Sonia | Brantford, ON
“In 2011, I went from feeling fine on Friday to being on death’s door by Monday. I was admitted to the hospital with my eyes swollen shut and blisters covering 95% of my body. I had to be fed by a nasogastric tube because of blisters in my mouth and throat.
But although I was in so much pain, I remember listening intently to every word the doctors said. I have a nursing background and I wanted so badly to understand what was going on. But when someone finally said, ‘It looks like Stevens-Johnson Syndrome,’ that wasn’t something I’d ever heard of. The doctor said it was the first case he’d ever seen in his life.

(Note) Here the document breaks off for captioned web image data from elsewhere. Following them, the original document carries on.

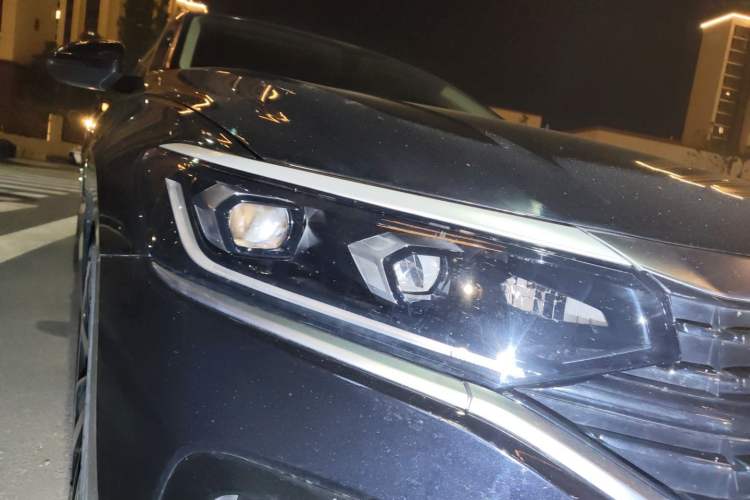 Used Volkswagen Passat 2023 330TSI Elite Edition Right Front Headlight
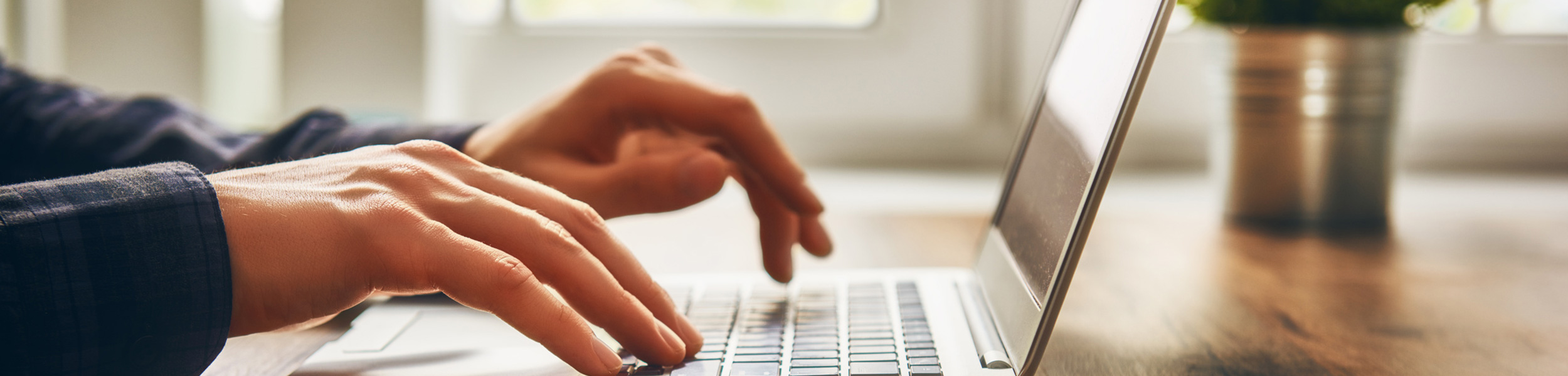 Bild von zwei Händen welche auf eine Tastatur tippen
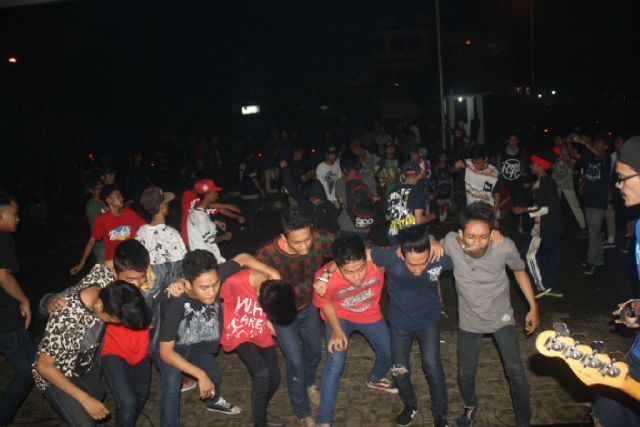 “<a href="/LPBDofficiall/">Roadto1stalbum</a>: MOSTDANGEROUSPEOPLE!! LPBDSQUAD IN AREA MOSPHIT!! *dancetilldead* ”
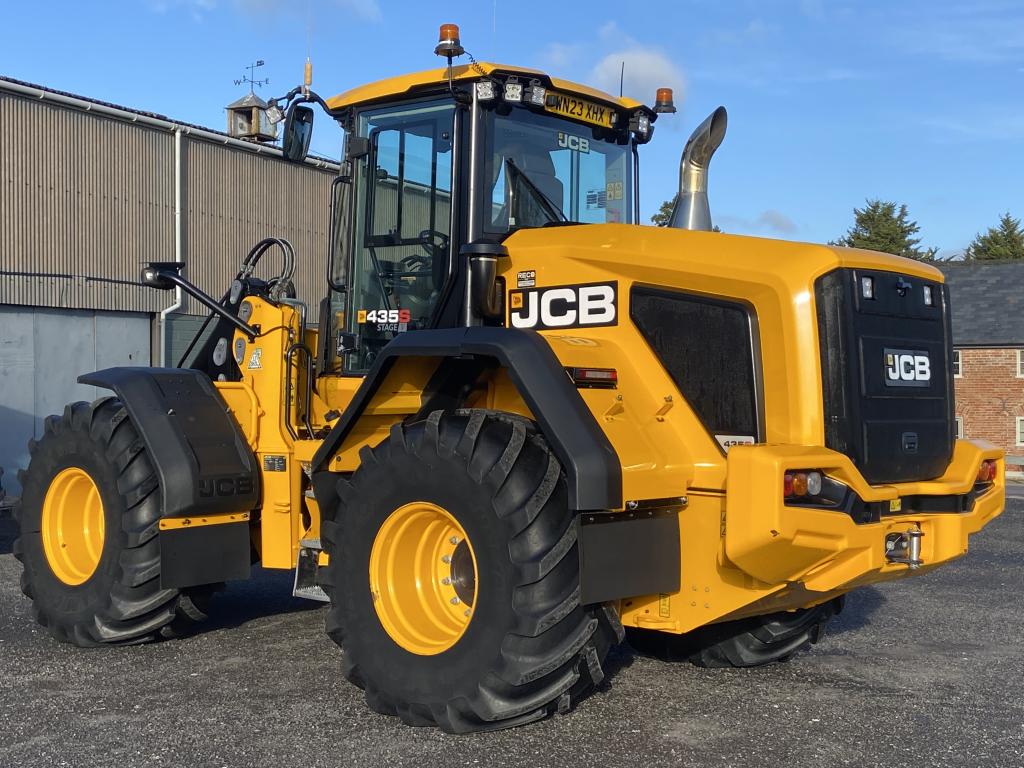 JCB 435S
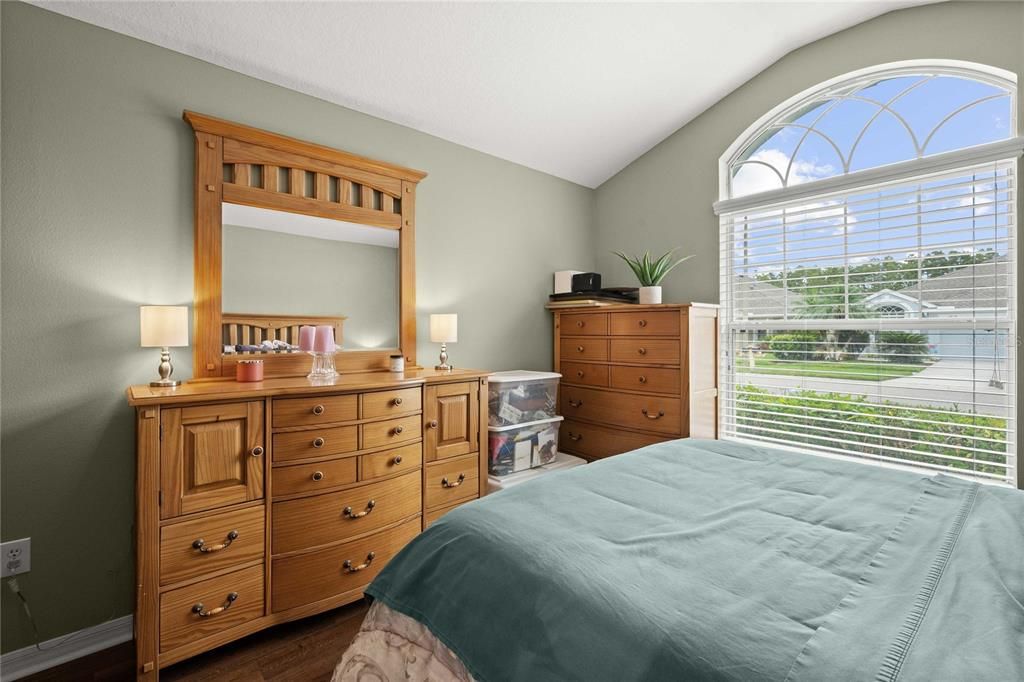 Active With Contract: $350,000 (2 beds, 2 baths, 1722 Square Feet)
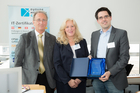  (c) fotodienst / Anna Rauchenberger - Wien, am 30.04.2015 - Future Network Cert Ehrung der Top Twenty Requirements Engineers und Software-Architekten aus 2014 durch Sonja Haberl, Geschäftsführerin Future Network Cert GmbH, Vorstand Future Network Cert (Mitte) und Peter Hruschka (links), Atlantic Systems Guild. FOTO: CPRE FL Preisträger 2014, 2. Platz: Leitner Lutz, Aventon.GmbH.:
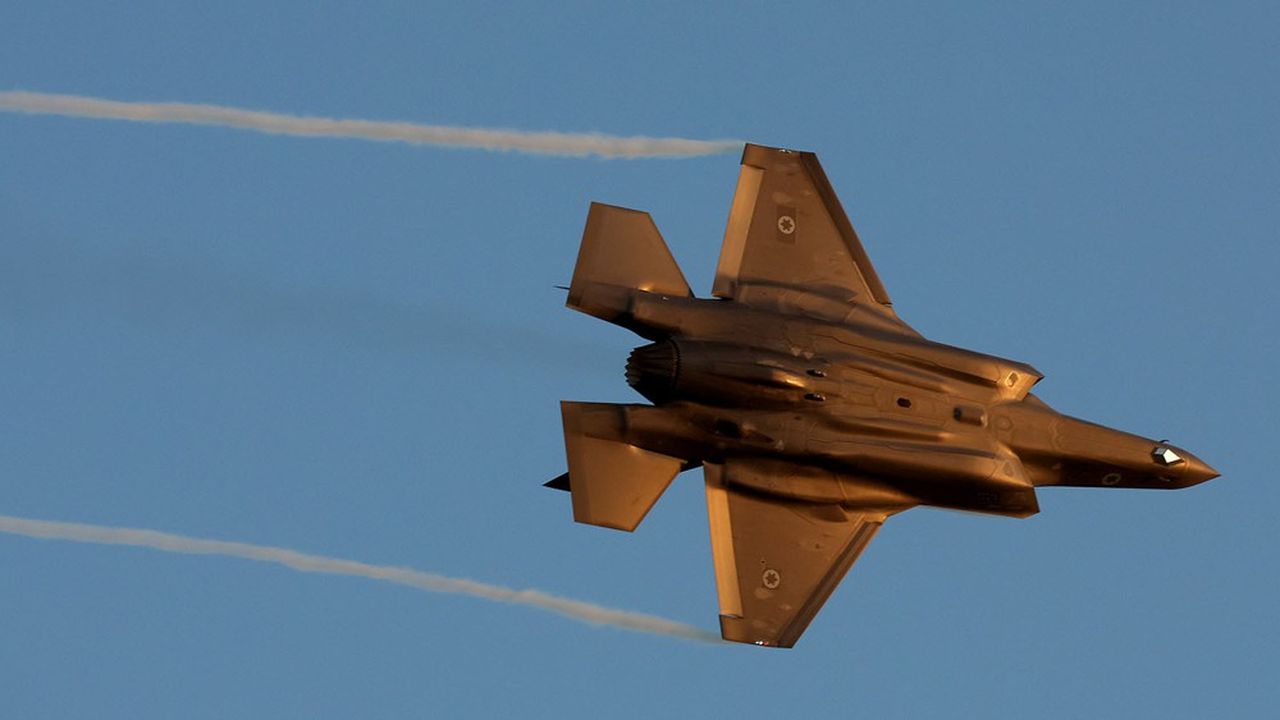Un F-35 dirigé par un pilote israélien près de la base de Hatzerim, dans le désert du Neguev, en juin 2023.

“This is an extremely rare disease, but there are 20 of us and counting spread across the country and, through the internet and Zoom, we’re able to connect with and support survivors and their families all over the world.”
By the time I was released from the hospital 6 weeks later, my entire body had regrown new skin. It was as though I’d been dipped in a pot of hot oil. The disease had burnt my eyebrows and eyelashes off. My dark skin tone was now a polka dot patchwork. When I looked in the mirror, I didn't recognize myself. My husband had to warn people before they visited me, to prepare them for the fact that I looked like a totally different person.
And it’s not just that I didn’t recognize myself in the mirror anymore. My new skin is so delicate, extremely sensitive to heat and cold, and bruises so easily. Bright light affects my eyes so much that I take 45 minutes to open them each morning. It’s so hard for me to read or use electronic devices. I’m in a state of weakness 24/7. Stevens-Johnson Syndrome has taken the best parts of my life.
Despite all that, I truly feel that every day is a blessing. Researching this illness has connected me with a community. This is an extremely rare disease, but there are 20 of us and counting spread across the country and, through the internet and Zoom, we’re able to connect with and support survivors and their families all over the world. I still don’t know what caused my illness, but it’s usually an adverse reaction to medication or something in the environment. Educating and supporting others so that Stevens-Johnson Syndrome can be avoided or promptly identified brings me joy. What I want most of all is to know that the next person who goes through this won’t have to go through it alone.”